══ Provided records

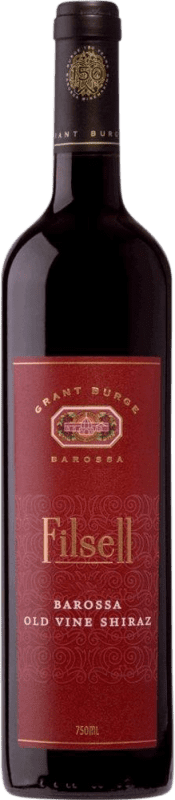 62,95 € Envío gratis | Vino tinto Grant Burge Filsell Old Vine Shiraz I.G. Barossa Valley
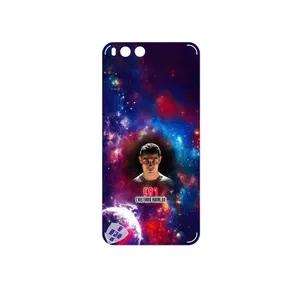 MAHOOT Cristiano Ronaldo 1 Cover Sticker for Xiaomi Mi 6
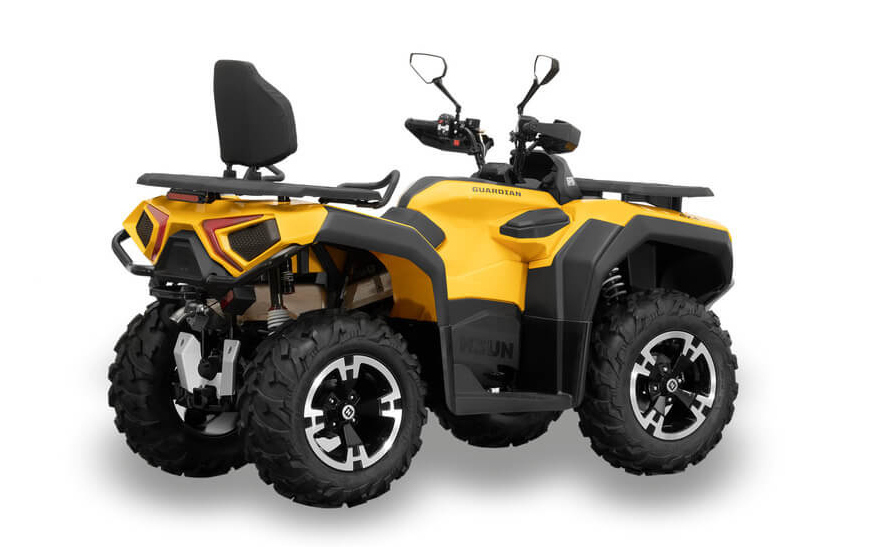 Квадроцикл HISUN GUARDIAN 750S -/SHORT/ в Нижнем Тагиле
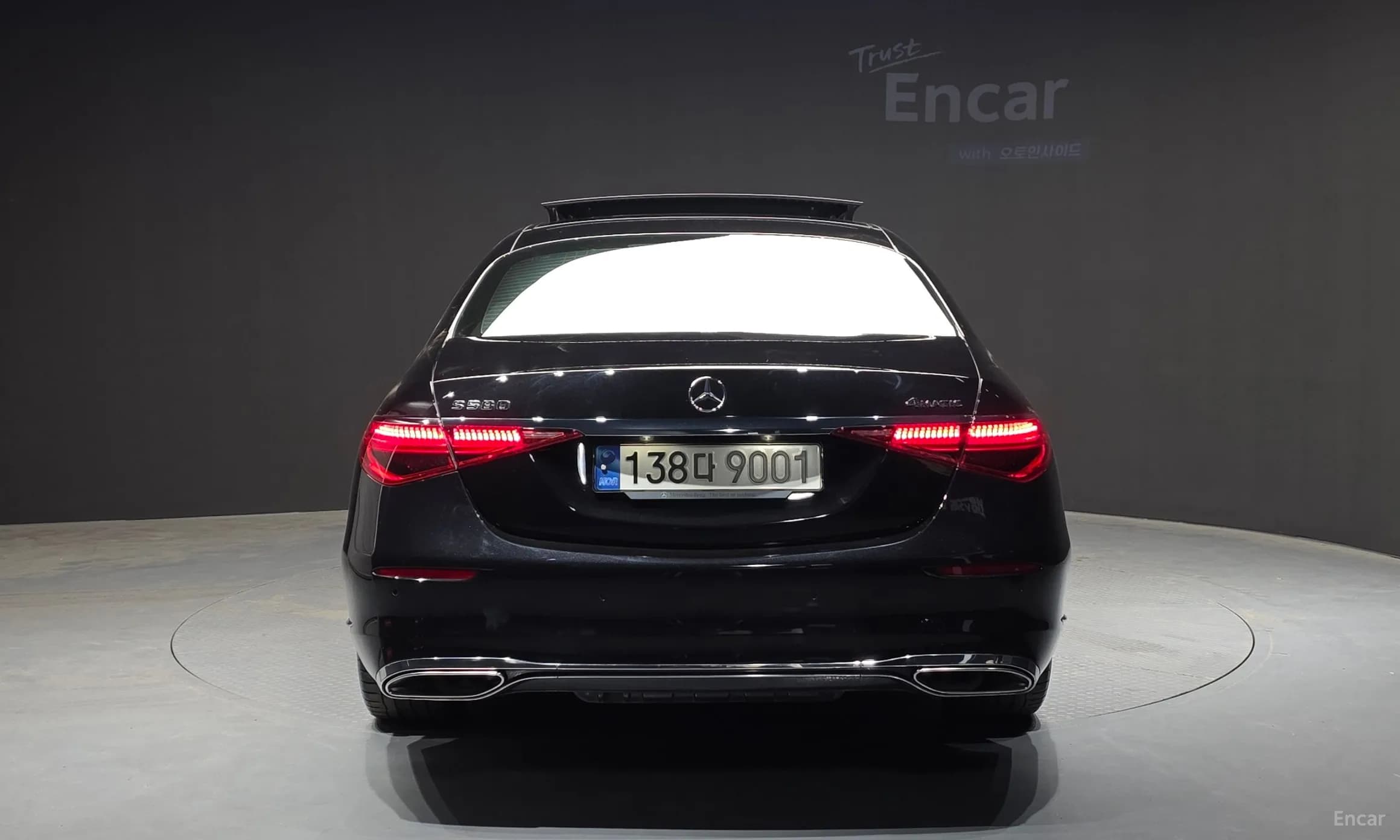 S-Class W223
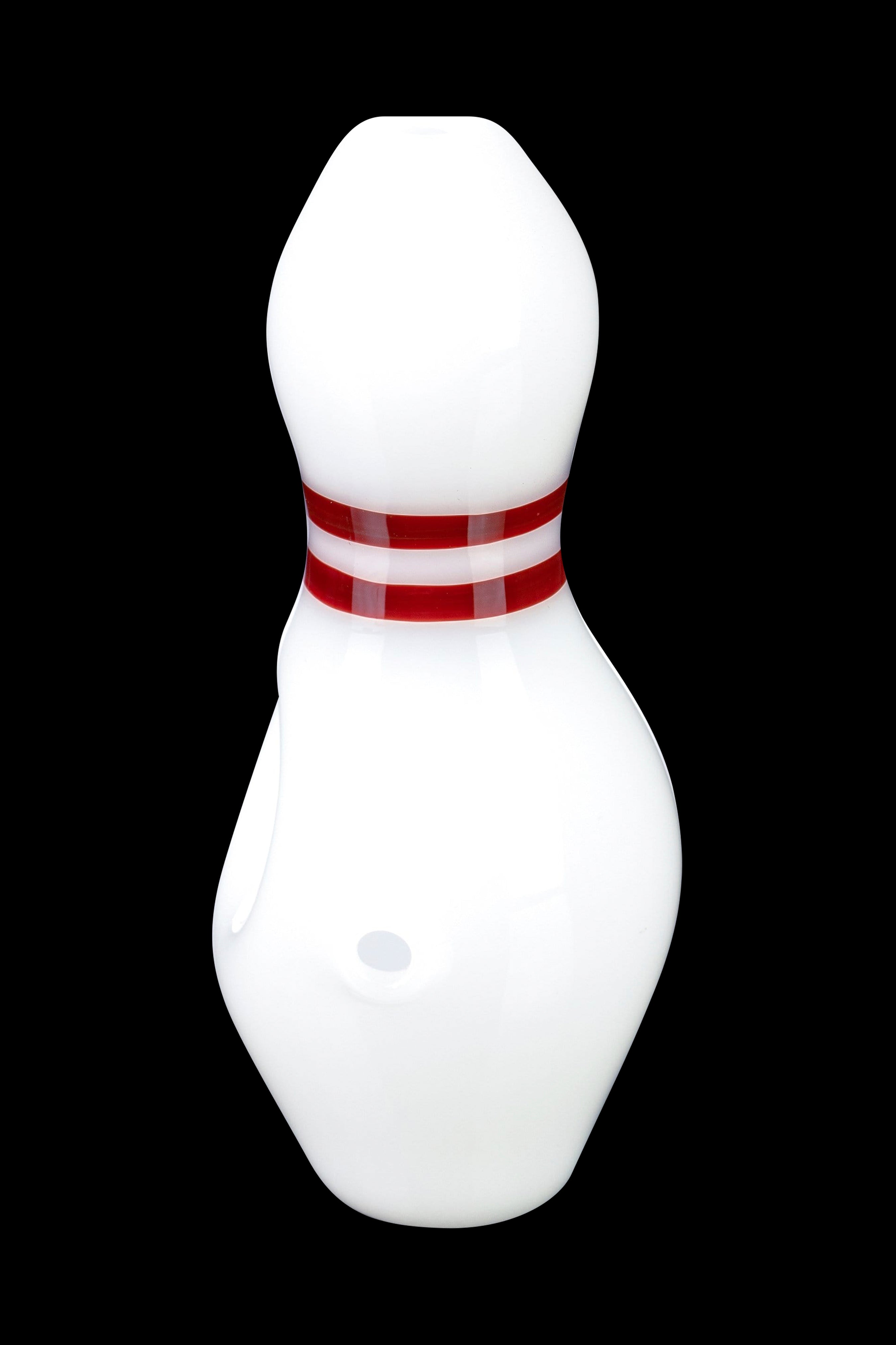 Cool Bowling Pin Hand Pipe for Smoking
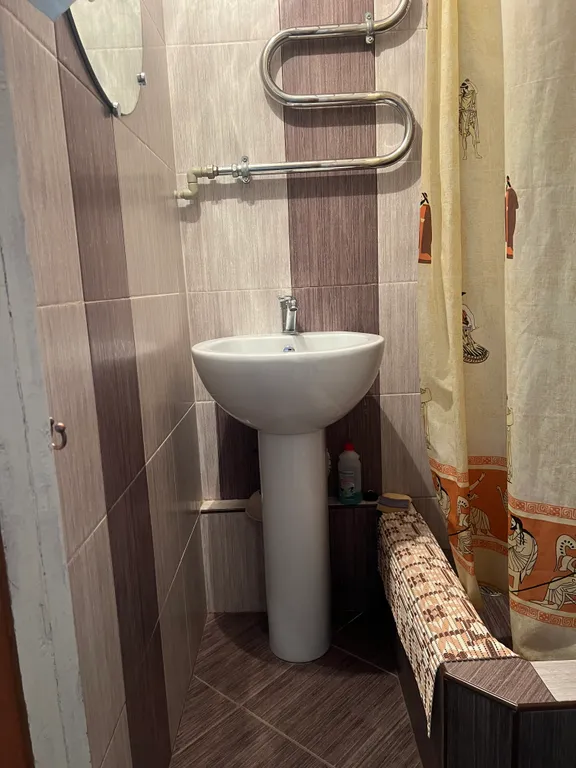 Уютная квартира в уникальном месте города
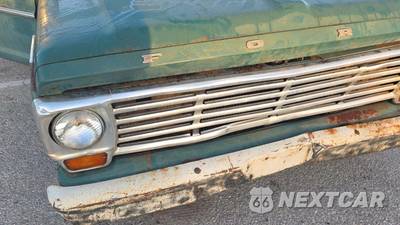 1976 Ford F-100 Base - zdjęcie 23 z 41 - miniatura
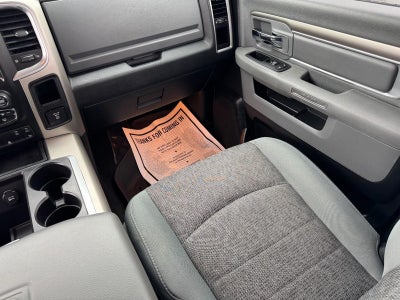 2015 RAM 1500 Big Horn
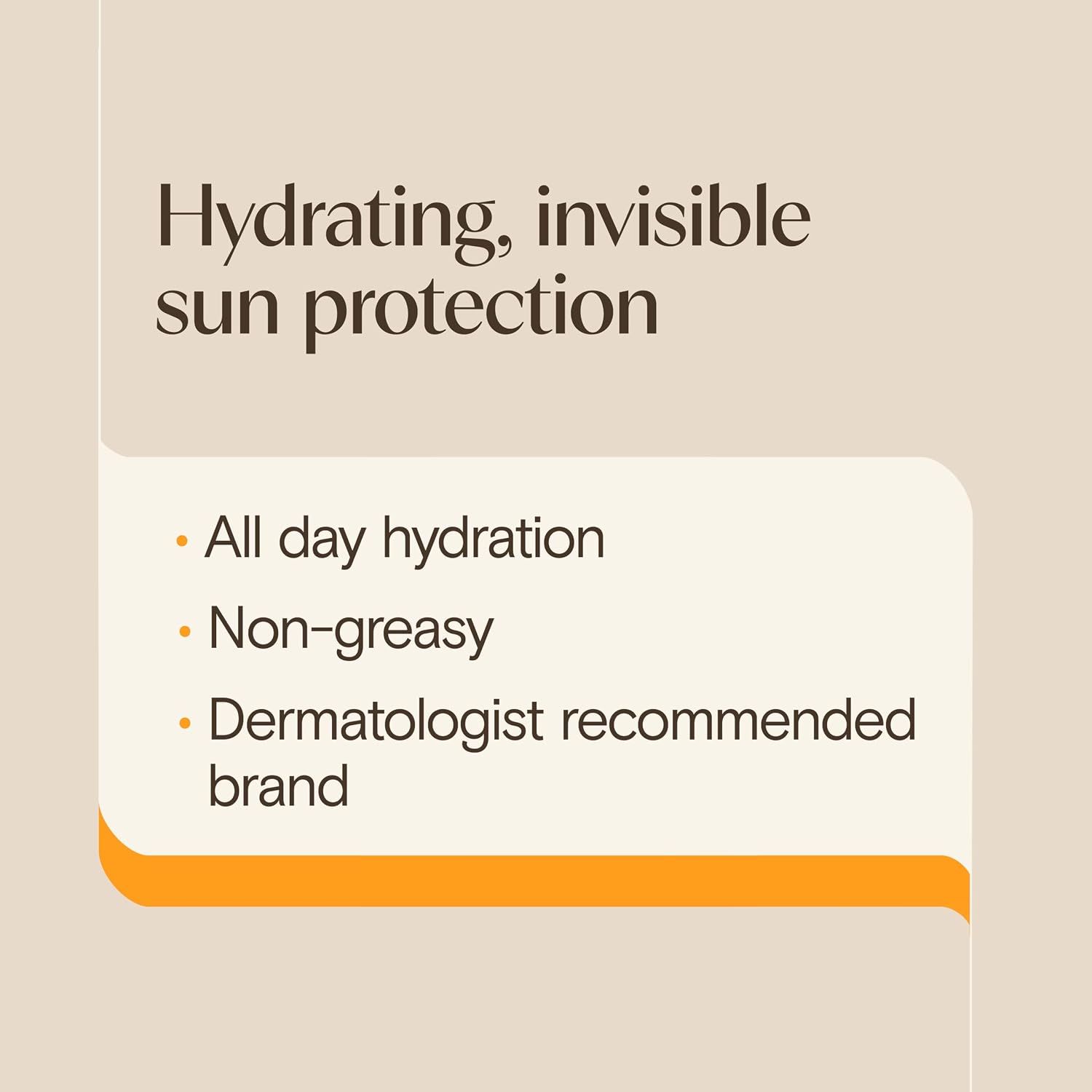 Detalle de Aveeno Protect + Hydrate SPF60 moisturizing lotion 12 fl oz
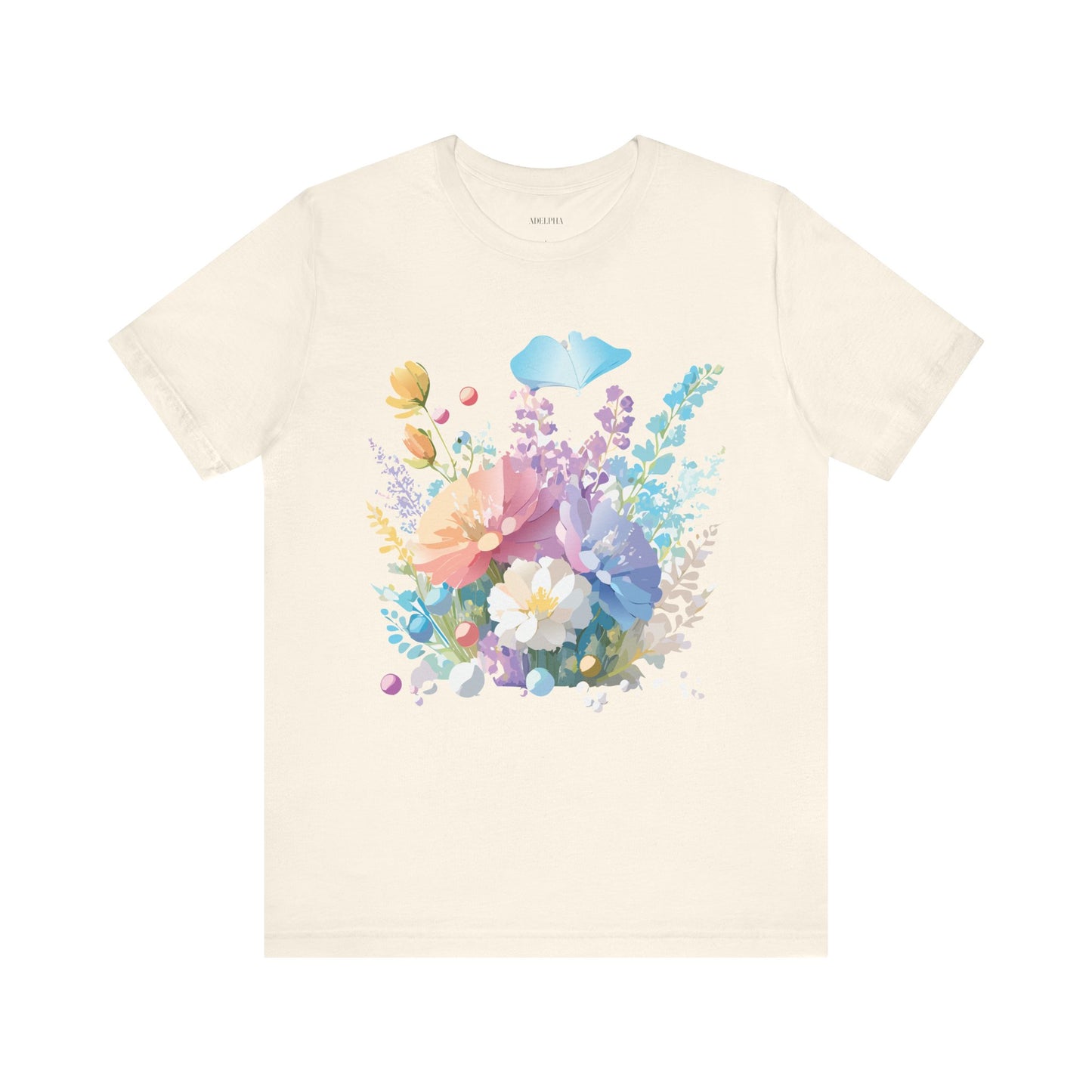 Floral T Shirts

════

Once the line containing "1976 Ford F-100" is found, it and every line through the end of the records above should be output exactly, with no pictures.

 1976 Ford F-100 Base - zdjęcie 23 z 41 - miniatura
 2015 RAM 1500 Big Horn
 Detalle de Aveeno Protect + Hydrate SPF60 moisturizing lotion 12 fl oz
 Floral T Shirts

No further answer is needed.